Hyundai's First Minivan a Winner
By Jim Bray
Entourage. According to Webster's, it's "a group of attendants or associates, as of a person of rank or importance: The opera singer traveled with an entourage of 20 people." Not the central figure, then, but the hangers on.
Well hang on! For Hyundai, the word means they're finished hanging around watching other companies sell minivans, and are leaping into fray themselves. One would think that if "Hyundai Come Lately" is going to be noticed in a market already crowded with good examples, it'll have to be really good.
Fortunately, it is. The Hyundai Entourage is big and roomy, flexible, comfortable, and even has a surprisingly good "fun to drive" quotient, something I didn't expect in this type of vehicle.
One advantage of being late to the party is that you can learn from everyone else, and it appears Hyundai has been doing its homework. Hyundai says the Entourage is longer than a Honda Odyssey, longer and wider than the Toyota Sienna and has more interior volume than the Dodge Grand Caravan.
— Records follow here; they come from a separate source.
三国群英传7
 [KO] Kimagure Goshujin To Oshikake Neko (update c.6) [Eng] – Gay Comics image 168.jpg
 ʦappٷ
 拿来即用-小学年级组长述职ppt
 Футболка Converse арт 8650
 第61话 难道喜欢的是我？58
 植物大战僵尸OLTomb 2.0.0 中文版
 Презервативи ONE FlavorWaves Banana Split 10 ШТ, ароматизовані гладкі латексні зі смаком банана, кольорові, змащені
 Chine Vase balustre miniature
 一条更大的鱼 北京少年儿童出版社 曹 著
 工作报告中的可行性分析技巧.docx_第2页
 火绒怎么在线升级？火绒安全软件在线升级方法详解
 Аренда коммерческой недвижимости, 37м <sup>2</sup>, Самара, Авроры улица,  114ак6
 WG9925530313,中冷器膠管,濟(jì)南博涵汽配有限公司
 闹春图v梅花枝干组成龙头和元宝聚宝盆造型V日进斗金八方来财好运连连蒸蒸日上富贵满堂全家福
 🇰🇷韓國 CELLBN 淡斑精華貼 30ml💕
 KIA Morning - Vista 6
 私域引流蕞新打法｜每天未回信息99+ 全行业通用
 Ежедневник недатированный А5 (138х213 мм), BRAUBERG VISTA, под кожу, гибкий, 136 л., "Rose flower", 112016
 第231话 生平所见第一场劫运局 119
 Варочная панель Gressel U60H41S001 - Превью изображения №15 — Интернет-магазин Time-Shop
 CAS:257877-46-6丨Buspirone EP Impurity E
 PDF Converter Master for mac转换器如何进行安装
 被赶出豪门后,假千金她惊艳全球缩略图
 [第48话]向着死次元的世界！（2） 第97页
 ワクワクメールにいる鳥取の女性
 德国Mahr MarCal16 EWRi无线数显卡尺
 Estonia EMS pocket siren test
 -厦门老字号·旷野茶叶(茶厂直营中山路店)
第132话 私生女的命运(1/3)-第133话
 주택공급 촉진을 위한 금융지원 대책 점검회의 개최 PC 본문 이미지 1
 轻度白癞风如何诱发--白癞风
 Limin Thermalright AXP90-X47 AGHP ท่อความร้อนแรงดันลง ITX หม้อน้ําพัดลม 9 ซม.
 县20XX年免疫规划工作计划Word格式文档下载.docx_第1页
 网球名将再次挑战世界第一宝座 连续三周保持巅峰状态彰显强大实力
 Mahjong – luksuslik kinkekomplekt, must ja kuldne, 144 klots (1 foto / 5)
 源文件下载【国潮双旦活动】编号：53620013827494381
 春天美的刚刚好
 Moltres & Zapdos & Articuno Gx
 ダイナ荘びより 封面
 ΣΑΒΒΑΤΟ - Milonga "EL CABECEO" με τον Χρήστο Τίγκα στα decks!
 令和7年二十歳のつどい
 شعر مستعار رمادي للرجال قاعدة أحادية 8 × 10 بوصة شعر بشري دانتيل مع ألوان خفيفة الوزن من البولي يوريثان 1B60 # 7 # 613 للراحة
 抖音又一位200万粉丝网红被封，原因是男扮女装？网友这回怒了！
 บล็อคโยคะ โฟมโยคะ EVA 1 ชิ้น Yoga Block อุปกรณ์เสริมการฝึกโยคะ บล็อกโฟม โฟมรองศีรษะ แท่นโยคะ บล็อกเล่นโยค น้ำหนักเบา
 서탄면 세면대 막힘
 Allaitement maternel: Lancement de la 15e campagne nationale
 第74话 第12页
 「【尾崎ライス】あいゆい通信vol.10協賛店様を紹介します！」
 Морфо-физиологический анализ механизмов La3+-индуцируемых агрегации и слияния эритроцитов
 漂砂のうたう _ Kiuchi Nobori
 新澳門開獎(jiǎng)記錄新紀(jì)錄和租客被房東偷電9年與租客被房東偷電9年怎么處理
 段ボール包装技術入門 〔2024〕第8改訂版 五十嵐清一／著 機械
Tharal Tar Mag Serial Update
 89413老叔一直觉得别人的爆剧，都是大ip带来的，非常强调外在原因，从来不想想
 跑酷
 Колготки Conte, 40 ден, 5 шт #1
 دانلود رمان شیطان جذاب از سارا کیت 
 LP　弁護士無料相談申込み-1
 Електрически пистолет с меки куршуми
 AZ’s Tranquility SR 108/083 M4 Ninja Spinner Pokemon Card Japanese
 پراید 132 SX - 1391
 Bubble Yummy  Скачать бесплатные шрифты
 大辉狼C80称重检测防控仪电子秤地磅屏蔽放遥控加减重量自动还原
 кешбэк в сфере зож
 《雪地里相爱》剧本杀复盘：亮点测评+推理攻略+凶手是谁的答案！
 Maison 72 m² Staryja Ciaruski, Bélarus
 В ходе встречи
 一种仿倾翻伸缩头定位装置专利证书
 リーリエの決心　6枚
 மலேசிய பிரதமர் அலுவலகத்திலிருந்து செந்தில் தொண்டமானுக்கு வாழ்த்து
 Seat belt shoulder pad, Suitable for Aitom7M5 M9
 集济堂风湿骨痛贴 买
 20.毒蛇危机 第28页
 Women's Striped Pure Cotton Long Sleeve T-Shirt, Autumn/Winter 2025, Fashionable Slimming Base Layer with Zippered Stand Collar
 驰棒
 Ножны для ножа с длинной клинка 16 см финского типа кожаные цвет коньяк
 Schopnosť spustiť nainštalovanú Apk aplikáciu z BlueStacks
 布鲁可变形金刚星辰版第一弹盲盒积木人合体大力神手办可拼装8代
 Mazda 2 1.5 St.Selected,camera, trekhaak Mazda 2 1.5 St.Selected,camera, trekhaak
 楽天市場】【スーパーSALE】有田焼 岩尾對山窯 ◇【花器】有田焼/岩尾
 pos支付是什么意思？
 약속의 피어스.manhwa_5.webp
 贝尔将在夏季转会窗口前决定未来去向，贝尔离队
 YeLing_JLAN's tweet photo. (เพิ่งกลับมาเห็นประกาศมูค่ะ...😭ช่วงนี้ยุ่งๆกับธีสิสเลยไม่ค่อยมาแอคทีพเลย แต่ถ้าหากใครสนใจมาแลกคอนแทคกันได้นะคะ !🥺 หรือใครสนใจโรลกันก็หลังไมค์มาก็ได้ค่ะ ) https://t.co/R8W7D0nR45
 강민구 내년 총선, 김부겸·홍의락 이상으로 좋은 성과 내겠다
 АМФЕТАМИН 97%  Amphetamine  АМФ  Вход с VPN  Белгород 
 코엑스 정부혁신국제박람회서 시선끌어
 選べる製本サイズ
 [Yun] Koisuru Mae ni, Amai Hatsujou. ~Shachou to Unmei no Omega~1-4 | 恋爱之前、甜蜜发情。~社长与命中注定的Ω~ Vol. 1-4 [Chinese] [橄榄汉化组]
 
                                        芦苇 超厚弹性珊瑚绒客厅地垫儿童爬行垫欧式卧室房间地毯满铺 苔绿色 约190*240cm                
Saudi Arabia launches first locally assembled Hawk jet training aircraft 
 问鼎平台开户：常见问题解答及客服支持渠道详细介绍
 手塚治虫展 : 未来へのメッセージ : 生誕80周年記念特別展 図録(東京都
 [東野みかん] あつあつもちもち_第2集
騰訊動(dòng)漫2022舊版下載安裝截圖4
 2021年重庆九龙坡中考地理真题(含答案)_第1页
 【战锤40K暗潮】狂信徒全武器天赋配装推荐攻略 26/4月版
But the Entourage isn't just roomy. It's also efficient and packed with a high level of standard equipment including plenty of creature comforts and popular safety technologies such as disc brakes all around (with four channel ABS), Electronic Brake Force Distribution and Electronic Stability Control. Hyundai also tosses in anti-whiplash active head restraints and air bags that protect people in all three rows of seats.
If they were looking to get noticed, it seems to have worked: the Entourage has earned the National Highway Traffic Safety Administration’s (NHTSA) highest honor - the gold "Top Safety Pick" award. Hyundai says this is the best rating ever achieved by a minivan for front and side impacts.
The front wheel drive Entourage has plenty of oomph, too. It's propelled by a 3.8 liter, all-aluminum DOHC 24-valve V6 engine that cranks out 250 horses @ 6,000 rpm and 253 lb.- ft. of torque at a low 3500 rpm. Couple that to a five speed automatic transmission with (rather superfluously for a minivan) a Shiftronic manual mode and you have a hauler that definitely hauls.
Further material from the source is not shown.